The Hadoop framework for handling large data sets becomes easier to use, more manageable and more productive with new support in the Amazon Elastic MapReduce technology, according to Amazon.com.NEW YORKAmazon Web Services has moved to
make the Hadoop framework for handling large data sets easier to use, more
manageable and more productive with new support in the Amazon Elastic MapReduce
technology.
At the Hadoop World: NYC
conference here on Oct. 2, Peter Sirota, Amazon.com's general manager for
Elastic MapReduce, announced that Elastic MapReduce now supports Apache Hive.
According to an
AWS blog post on the news, "Hive builds on Hadoop to provide tools for
data summarization, ad hoc querying and analysis of large data sets stored in
Amazon S3 [Simple Storage Service]. Hive uses a SQL-based language called Hive
QL with support for map/reduce functions and complex extensible user defined
data types such as JSON and Thrift. You can use Hive to process structured or
unstructured data sources such as log files or text files. Hive is great for
data warehousing applications such as data mining and click-stream
analysis."
Sirota said AWS' motivation for adding new support for Hadoop was, "We
want to enable customers to cost effectively manage vast amounts of data."

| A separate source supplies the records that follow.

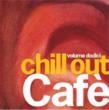 Chill Out Cafe Vol.12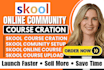 do skool course creation, community setup course upload membership funnel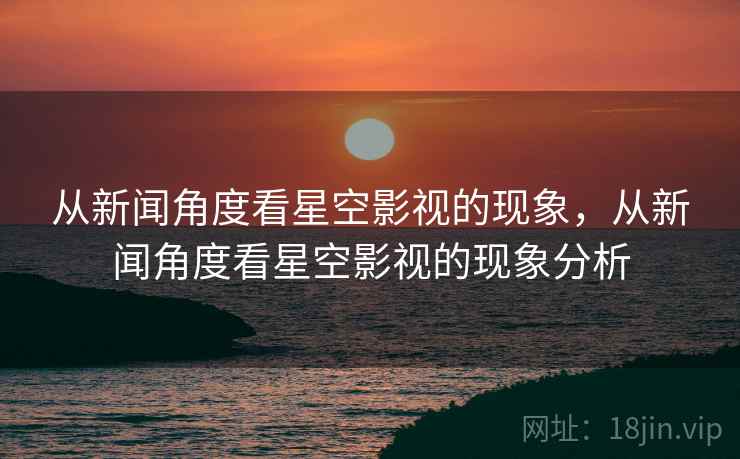 从新闻角度看星空影视的现象，从新闻角度看星空影视的现象分析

Elastic MapReduce uses Hadoop.
The Apache Hadoop project develops open-source software for reliable,
scalable, distributed computing. Hadoop enables applications to work with
thousands of nodes and petabytes of data. It was inspired by Google's MapReduce
and GFS (Google File System) papers.
"Large-scale data processing has a lot of muck and we want to remove it
for our customers," Sirota said. He noted that it is hard to manage
compute clusters and also hard to tune Hadoop. "So we decided to make Hadoop
simple and easy," he said.
One new feature in Elastic MapReduce is support for Apache Pig, an open-source
platform for analyzing large data sets. Other features include support for
batch and interactive modes, and concurrent access to multiple file systems.
Sirota said he would like to see the Hadoop ecosystem continue to grow. With
that in mind, he announced, "Amazon Elastic MapReduce is now supported by
Karmasphere Studio for Hadoop, a NetBeans-based integrated development
environment (IDE) that makes it easy to
develop, debug and deploy job flows from your desktop directly to Amazon Elastic
MapReduce."
Sirota "also announced ... a private beta release of Amazon Elastic
MapReduce support for Cloudera's Hadoop distribution. Cloudera customers can
obtain a support contract to gain access to custom Hadoop patches and help with
the development and optimization of processing pipelines," according to
the AWS blog post. It continued:
"These new tools give you the power to process gigantic data sets while
keeping you at arm's length from some of the more complex aspects of parallel
programming. You don't have to find a server cluster, install a bunch of
software, coordinate and synchronize processes, copy data between servers, or
negotiate with your colleagues for access to shared resources. These tools
reduce the distance between the problem and the solution and allow you to spend
your time on the more interesting aspects of your work."